Here are some common functions.

  1. head() - shows the first few rows of the data frame
  1. tail() - shows the last few rows of the data frame
  1. str() - displays the structure of the data frame
  1. summary() - provides summary statistics for each variable in the data frame
  1. nrow() - returns the number of rows in the data frame
  1. ncol() - returns the number of columns in the data frame
  1. colnames() - returns the names of the columns in the data frame
  1. row.names() - returns the names of the rows in the data frame
  1. unique() - returns unique values in a column of the data frame

  2. view() - shows the dataset in spreadsheet form

  3. dim() - returns the dimensions of the data frame as a vector of two integers, the number of rows and the number of columns

  4. is.na() - returns a logical vector indicating whether each value in the data frame is missing or not

For a better visual display of the results, additional packages can be used such as skimr, gtsummary, kable, as it will be in the preceding sections of this guide, however, below is a sneak peak of the basic ones.

install.packages("skimr")
library(skimr)
# get the summary of all the variable, alternative to
# ---str()---
skim(iris)

4.3 Pull basic statistics from your data

4.3.1 For continuous variables:

  1. mean() - calculates the mean of a numeric vector

mean(numeric_vector)

  1. median() - calculates the median of a numeric vector

median(numeric_vector)

  1. sd() - calculates the standard deviation of a numeric vector

sd(numeric_vector)

  1. var() - calculates the variance of a numeric vector
  1. min() - returns the minimum value of a numeric vector
  1. max() - returns the maximum value of a numeric vector
  1. range() - returns the range of a numeric vector as a vector of length 2 containing the minimum and maximum values
  1. quantile() - calculates the quantiles of a numeric vector
  1. summary() - provides summary statistics for a numeric vector, including the minimum, 1st quartile, median, mean, 3rd quartile, and maximum

  2. Simple plots using the base package

# Histogram:
hist(data$variable_name)
# Boxplot:
boxplot(data$variable_name)
# Density Plot:
plot(density(data$variable_name))
# Scatterplot:
plot(data$variable_name1, data$variable_name2)

For categorical/character variables:

  1. table() - creates a contingency table of the frequencies of the levels of a categorical variable
  1. prop.table() - converts a contingency table of frequencies to a contingency table of proportions
  1. summary() - provides a summary of a factor variable, including the number of levels and the frequency of the most common level.

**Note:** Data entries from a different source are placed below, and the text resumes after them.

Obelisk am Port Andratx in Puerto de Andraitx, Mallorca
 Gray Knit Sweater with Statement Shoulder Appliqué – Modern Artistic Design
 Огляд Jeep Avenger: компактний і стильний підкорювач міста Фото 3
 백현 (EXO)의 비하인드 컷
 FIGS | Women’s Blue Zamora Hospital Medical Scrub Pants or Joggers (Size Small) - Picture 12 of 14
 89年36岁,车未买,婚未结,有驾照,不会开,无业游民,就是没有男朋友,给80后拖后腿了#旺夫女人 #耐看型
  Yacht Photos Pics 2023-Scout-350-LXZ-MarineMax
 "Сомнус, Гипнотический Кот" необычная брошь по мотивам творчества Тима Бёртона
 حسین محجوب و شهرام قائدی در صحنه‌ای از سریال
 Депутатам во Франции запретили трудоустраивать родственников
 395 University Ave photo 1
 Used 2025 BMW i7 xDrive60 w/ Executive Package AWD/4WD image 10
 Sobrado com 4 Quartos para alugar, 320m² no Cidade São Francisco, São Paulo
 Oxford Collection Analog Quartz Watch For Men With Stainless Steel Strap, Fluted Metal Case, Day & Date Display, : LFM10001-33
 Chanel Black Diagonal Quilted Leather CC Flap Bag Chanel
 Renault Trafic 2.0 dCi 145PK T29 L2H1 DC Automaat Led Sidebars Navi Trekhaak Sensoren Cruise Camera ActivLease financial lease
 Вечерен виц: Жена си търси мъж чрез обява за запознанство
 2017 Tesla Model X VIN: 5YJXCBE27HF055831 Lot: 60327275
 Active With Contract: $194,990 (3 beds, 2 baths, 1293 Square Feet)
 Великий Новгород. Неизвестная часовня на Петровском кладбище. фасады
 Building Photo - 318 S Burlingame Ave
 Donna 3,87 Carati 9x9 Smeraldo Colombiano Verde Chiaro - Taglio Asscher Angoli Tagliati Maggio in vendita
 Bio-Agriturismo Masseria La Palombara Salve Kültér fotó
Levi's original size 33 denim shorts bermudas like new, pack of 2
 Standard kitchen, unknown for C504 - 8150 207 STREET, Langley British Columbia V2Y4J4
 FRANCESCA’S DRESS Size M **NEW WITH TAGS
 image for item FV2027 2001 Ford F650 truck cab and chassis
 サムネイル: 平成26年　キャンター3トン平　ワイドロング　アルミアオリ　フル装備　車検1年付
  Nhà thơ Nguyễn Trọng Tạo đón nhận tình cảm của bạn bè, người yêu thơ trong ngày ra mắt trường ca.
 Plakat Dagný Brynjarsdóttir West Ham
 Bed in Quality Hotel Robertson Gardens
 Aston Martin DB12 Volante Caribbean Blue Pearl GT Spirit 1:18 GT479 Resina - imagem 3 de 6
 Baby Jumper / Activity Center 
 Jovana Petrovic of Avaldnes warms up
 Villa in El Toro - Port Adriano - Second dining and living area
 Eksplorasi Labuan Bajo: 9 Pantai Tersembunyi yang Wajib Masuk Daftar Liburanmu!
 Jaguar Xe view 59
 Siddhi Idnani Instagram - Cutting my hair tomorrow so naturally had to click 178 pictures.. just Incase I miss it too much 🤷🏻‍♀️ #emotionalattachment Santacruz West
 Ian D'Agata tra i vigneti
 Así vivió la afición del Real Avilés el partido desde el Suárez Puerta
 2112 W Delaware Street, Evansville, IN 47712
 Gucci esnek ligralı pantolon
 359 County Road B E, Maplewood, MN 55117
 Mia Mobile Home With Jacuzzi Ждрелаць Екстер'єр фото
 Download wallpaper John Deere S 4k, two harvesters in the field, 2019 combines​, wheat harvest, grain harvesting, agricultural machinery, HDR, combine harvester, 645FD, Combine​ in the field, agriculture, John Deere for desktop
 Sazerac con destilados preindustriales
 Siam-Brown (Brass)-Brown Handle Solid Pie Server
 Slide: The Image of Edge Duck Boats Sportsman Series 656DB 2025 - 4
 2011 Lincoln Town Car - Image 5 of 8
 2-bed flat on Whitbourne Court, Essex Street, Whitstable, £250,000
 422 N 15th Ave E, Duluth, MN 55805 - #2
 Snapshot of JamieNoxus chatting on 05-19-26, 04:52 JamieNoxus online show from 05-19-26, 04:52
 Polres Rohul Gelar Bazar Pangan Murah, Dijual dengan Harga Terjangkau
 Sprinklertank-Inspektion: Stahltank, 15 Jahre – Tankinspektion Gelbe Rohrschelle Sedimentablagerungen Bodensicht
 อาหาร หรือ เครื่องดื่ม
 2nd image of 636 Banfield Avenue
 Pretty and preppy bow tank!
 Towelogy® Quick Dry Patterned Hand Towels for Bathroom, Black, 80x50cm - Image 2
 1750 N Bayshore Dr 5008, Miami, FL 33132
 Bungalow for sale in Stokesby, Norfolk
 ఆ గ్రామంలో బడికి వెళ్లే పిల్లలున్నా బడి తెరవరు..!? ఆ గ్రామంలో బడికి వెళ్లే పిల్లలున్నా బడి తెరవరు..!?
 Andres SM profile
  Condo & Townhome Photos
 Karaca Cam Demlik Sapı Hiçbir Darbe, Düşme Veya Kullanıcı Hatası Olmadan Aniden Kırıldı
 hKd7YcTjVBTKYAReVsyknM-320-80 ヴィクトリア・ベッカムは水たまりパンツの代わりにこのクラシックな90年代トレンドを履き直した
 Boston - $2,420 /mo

  2. Simple plot using the base package

# Bar Plot:
barplot(table(data$variable_name))
# Pie Chart:
pie(table(data$variable_name))
# Stacked Bar Plot:
barplot(table(data$variable_name, data$grouping_variable), col = c("red",
    "blue"))

4.4 Exporting Data from R

save(data_object, file = "my_data.rda")  # exporting R data object
write.csv(data_object, file = "my_data.csv")  # exporting csv data file
write.table(data_object, file = "my_data.txt")  # exporting text data file
writexl::write_xlsx(data_object, file = "my_data.rda")  # exporting excel data file
jsonlite::write_json(data_object, file = "my_data.json")  # exporting java script data file
xml2::write_xml(data_object, file = "my_data.xml")  # exporting to xml file
haven::write_sas(data_object, file = "my_data.xport")  # exporting SAS data file
haven::write_dta(data_object, file = "my_data.dta")  # exporting STATA data file
haven::write_sav(data_object, file = "my_data.sav")  # exporting SPSS data file

You can download the demo data files fro various types from the link below:-

CLICK here to open the datasets folder

4.5 Tasks

4.5.1 Exercise 1

  1. Import a CSV file named “sales_data.csv” into RStudio.

    NOTE: You can download the sales data to your computer from; Click here Download the Sales Data

  2. Export the data in the “sales_data” object as a CSV file named “sales_data_export.csv”.

  3. Using the “summary” function, extract basic statistics (mean, median, minimum, maximum) for the “sales_data” object.

  4. Load a new data file named “customer_data.xlsx” into RStudio.

  5. Explore the data by using the “head” and “tail” functions to view the first and last few rows of the data.

  6. Use the “str” function to display the structure of the “customer_data” object.

  7. Pull basic statistics (mean, median, minimum, maximum) for the “customer_data” object using the “summary” function.

  8. Export the data in the “customer_data” object as a CSV file named “customer_data_export.csv”.

4.5.2 Exercise 2

Import the inbuilt data of iris into RStudio.

  1. Using the “plot” function, create a scatter plot of the “Sepal.Length” and “Sepal.Width” columns in the “iris” object.

  2. Using the “boxplot” function, create a box plot of the “Petal.Length” column in the “iris” object, grouped by the “Species” column.

  3. Using the “hist” function, create a histogram of the “Petal.Width” column in the “iris” object, grouped by the “Species” column.

  4. Using the “plot” function, create a line plot of the “Sepal.Length” column in the “iris” object, grouped by the “Species” column.